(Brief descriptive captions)

<<<<

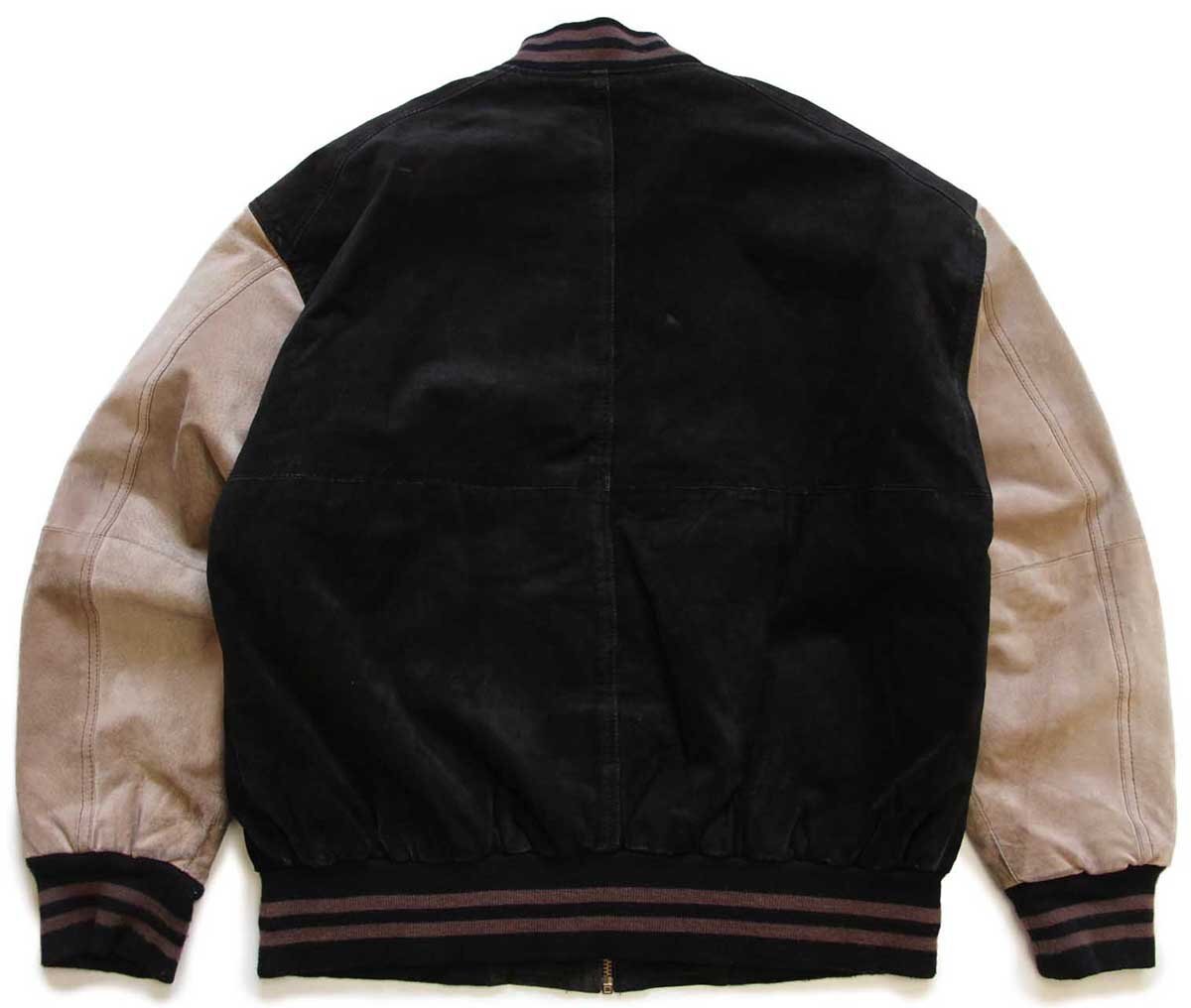 90s basic EDITIONS ツートン 切り替え キルティングライナー スエード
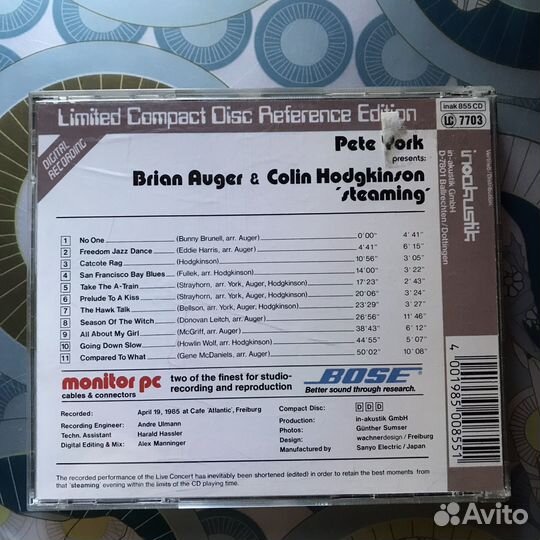 Фирменные CD Tacet Wildchild Inakustik Mapleshade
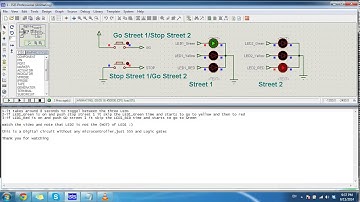 Traffic Light Control using digital circuits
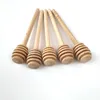15 cm Stirrer Wooden Honey Spoon Stick for Honey Jar Long Handle Mixing Stick Honey Dipper Party Supply LX7277
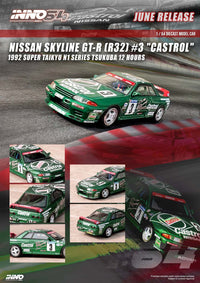 Thumbnail for INNO64 1:64 Nissan Skyline R32 GTR Castrol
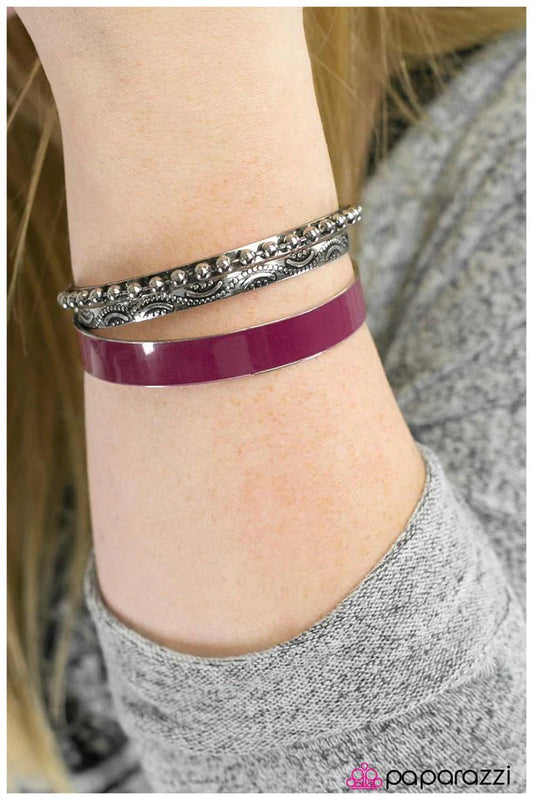 Paparazzi Bracelet ~ So Boho - Pink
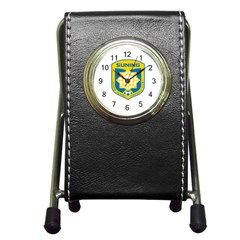 Jiangsu Suning F C  Pen Holder Desk Clocks by Valentinaart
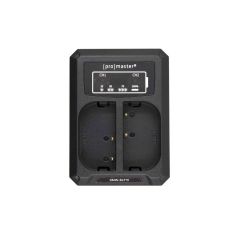 ProMaster Battery Dually Charger USB for Panasonic DMW-BLF19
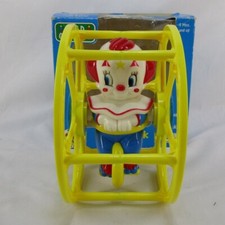 Vintage 1992 Bozo's Clown Babies Come Back Wheel Toy by Child Guidance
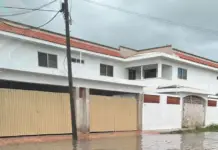 Progreso port flooded by heavy rains; residents criticize the mayor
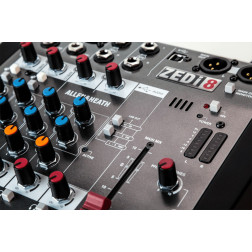 ZEDI-8  2 in mono, 2 stéréo, USB ALLEN & HEATH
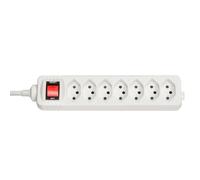 Lindy 73168 7-Way Swiss 3-Pin Mains Power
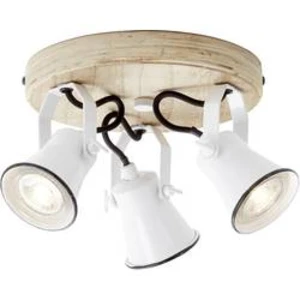 Stropní lampa LED GU10 15 W Brilliant Seed 82234/05 bílá, dřevo (světlé)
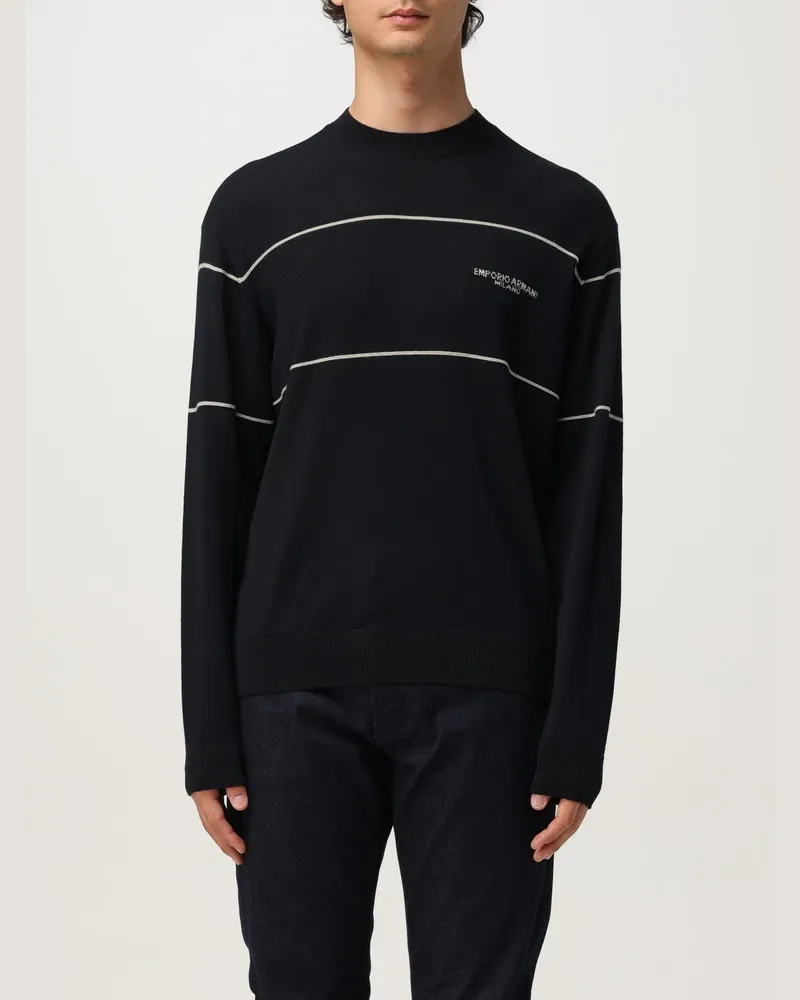 Emporio Armani Pullover herren Blau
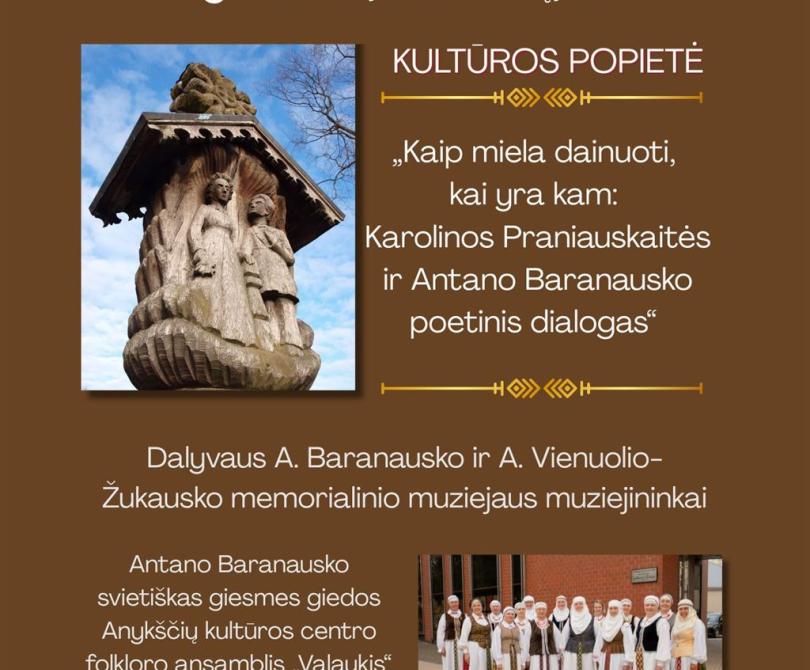 Kultūros popietė „Kaip miela dainuoti, kai yra kam“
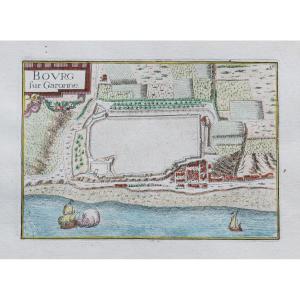 Gravure Ancienne De Bourg – Gironde
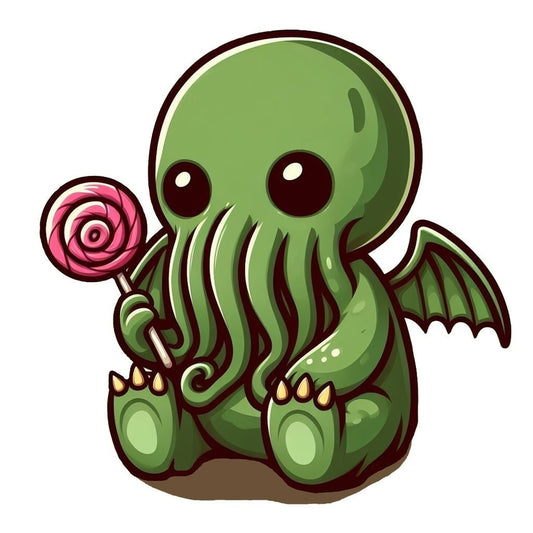 CTHULHU AND CANDY STICKER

>>>>

● Task
All entries must be output unchanged, with every picture omitted.

● Task answer
 90s basic EDITIONS ツートン 切り替え キルティングライナー スエード
 Фирменные CD Tacet Wildchild Inakustik Mapleshade
 Traffic Light Control using digital circuits
15 cm Stirrer Wooden Honey Spoon Stick for Honey Jar Long Handle Mixing Stick Honey Dipper Party Supply LX7277
 Thumbnail for INNO64 1:64 Nissan Skyline R32 GTR Castrol
 Paparazzi Bracelet ~ So Boho - Pink
 Jiangsu Suning F C  Pen Holder Desk Clocks by Valentinaart
 ProMaster Battery Dually Charger USB for Panasonic DMW-BLF19
 Vintage 1992 Bozo's Clown Babies Come Back Wheel Toy by Child Guidance
 Progreso port flooded by heavy rains; residents criticize the mayor
 ZEDI-8  2 in mono, 2 stéréo, USB ALLEN & HEATH
 Lindy 73168 7-Way Swiss 3-Pin Mains Power
 Stropní lampa LED GU10 15 W Brilliant Seed 82234/05 bílá, dřevo (světlé)
 Emporio Armani Pullover herren Blau
 Kultūros popietė „Kaip miela dainuoti, kai yra kam“
 Gravure Ancienne De Bourg – Gironde
 CTHULHU AND CANDY STICKER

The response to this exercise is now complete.